- _Task instructions_
Required from the data below: the exact lines starting at the line containing "AlikaAdul's BongaCams show and profile" and ending at the line containing "Condo in Sun", with both ends kept and all pictures dropped.
(Beginning of Extracted records)
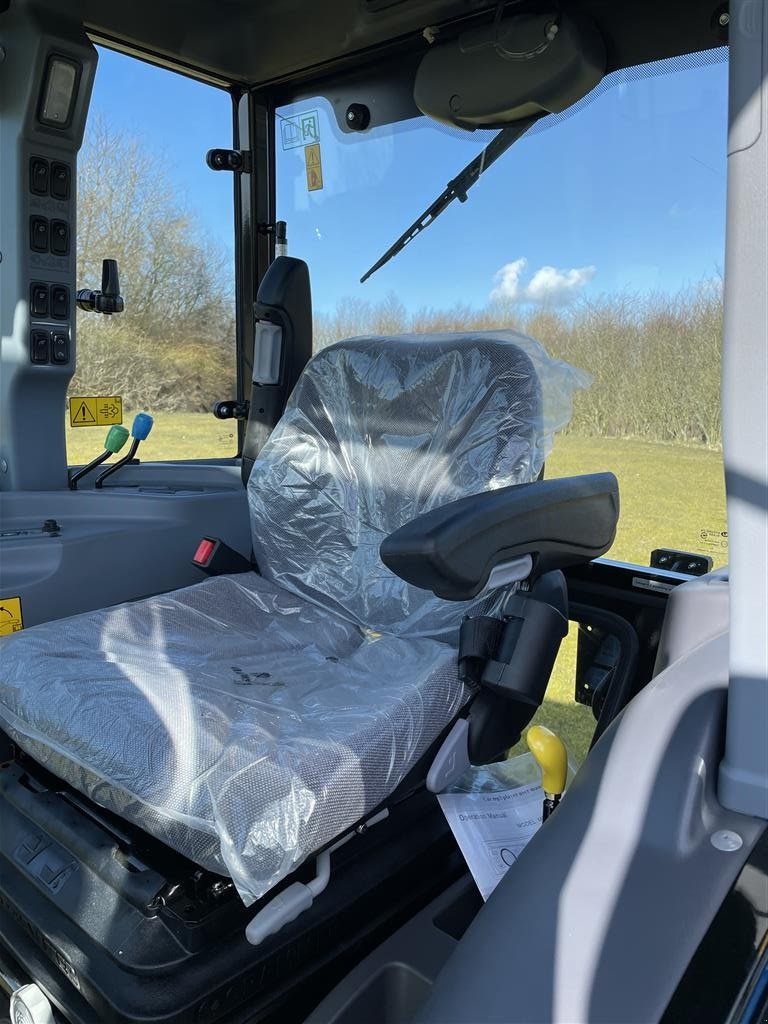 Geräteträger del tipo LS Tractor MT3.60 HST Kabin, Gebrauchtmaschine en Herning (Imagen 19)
(End of Extracted records)
(Beginning of Extracted records)
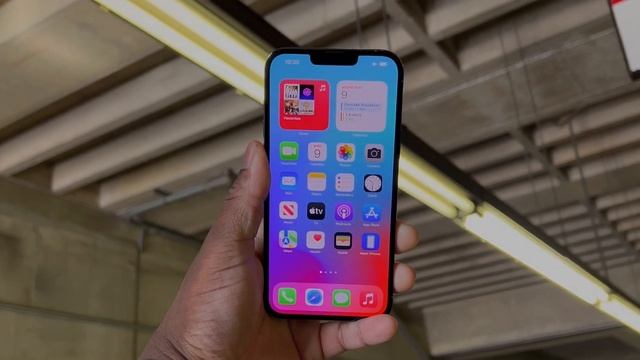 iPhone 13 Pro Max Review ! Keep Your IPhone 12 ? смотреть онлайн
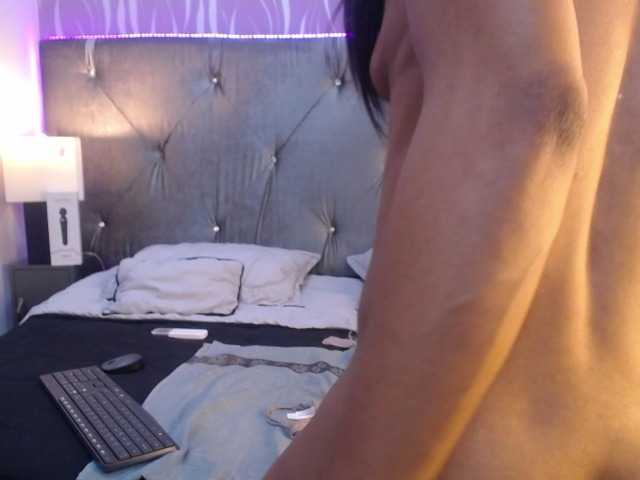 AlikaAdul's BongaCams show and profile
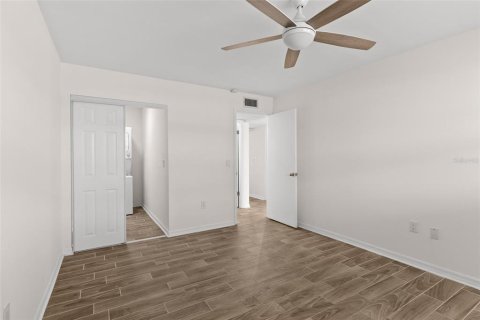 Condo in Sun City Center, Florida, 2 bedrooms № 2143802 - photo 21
(End of Extracted records)
(Beginning of Extracted records)
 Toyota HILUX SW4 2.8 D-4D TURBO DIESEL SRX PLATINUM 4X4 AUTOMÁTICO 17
(End of Extracted records)
- _Expected answer_
 AlikaAdul's BongaCams show and profile
 Condo in Sun City Center, Florida, 2 bedrooms № 2143802 - photo 21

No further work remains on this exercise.